The Arrow Lakes, well known to early river explorers, were within the traditional territories of several Indian bands. The lakes first were identified on a map in 1832. The name derives from arrows that Indians shot into a hole or a series of fissures in a perpendicular rock on the eastern shore of the Lower Arrow Lake. The Catholic missionary Pierre Jean de Smet, who traveled through the upper Columbia area in 1845/46 wrote in his subsequent book on the Oregon Country missions, “We passed under a perpendicular rock, where we beheld an innumerable number of arrows sticking out of the fissures. The Indians, when they ascend the lake, have a custom of lodging each an arrow into these crevices. This is the reason why the first voyageurs call these lakes the Arrow Lakes.” One early explorer who saw the arrows said they were 30 or 40 feet above the water. According to several versions of the story, an arrow that stuck meant good luck for the shooter, and an arrow that fell meant the opposite. The location was about 25 miles upriver from Castlegar, just north of the Deer Park area.

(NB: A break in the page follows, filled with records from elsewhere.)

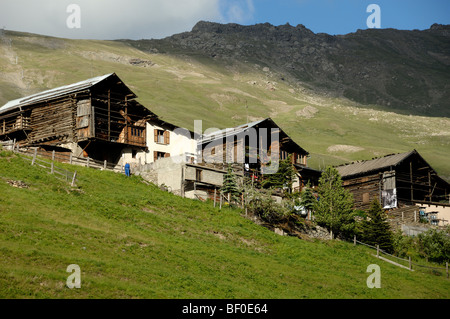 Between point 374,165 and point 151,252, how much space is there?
46679 mm

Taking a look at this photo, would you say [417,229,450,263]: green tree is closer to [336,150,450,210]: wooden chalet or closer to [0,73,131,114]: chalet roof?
[336,150,450,210]: wooden chalet

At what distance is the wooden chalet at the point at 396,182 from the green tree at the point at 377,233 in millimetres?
18349

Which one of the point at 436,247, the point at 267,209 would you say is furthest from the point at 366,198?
the point at 267,209

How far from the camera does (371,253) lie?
45062 mm

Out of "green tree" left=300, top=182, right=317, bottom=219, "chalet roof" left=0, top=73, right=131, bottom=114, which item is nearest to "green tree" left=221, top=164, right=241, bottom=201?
"green tree" left=300, top=182, right=317, bottom=219

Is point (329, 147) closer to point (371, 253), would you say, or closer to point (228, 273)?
point (371, 253)

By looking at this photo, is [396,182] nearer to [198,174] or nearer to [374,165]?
[374,165]

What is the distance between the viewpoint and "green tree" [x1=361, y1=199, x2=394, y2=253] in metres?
47.2

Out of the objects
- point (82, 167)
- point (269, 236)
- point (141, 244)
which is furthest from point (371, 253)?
point (82, 167)

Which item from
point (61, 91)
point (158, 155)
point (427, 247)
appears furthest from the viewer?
point (158, 155)

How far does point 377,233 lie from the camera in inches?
1880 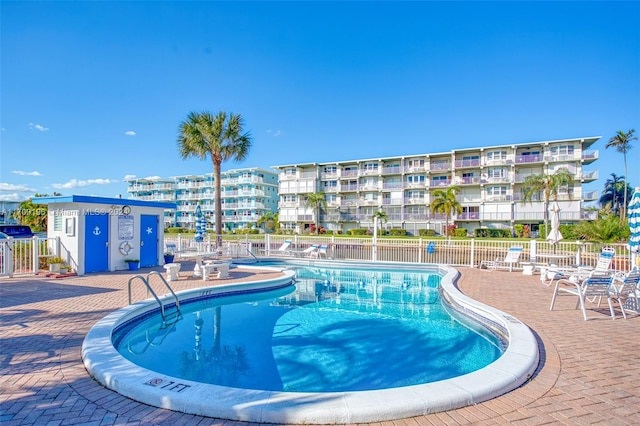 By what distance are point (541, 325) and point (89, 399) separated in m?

There are no bridges across the lakes, and no road that runs the length of the lakes, but as with the ferries downriver at Gifford and Keller on Lake Roosevelt, free ferries provide crossings that are de-facto “bridges.” On the Arrow Lakes there are three ferries. Each is operated by the provincial Ministry of Transportation. The Arrow Lakes comprise one of the most scenic areas of the Columbia River. High mountains flank both shores, and many of these, such as the spectacular 8,963-foot (2,732-meter) Mount Begbie southwest of Revelstoke, are snow-capped even in summer.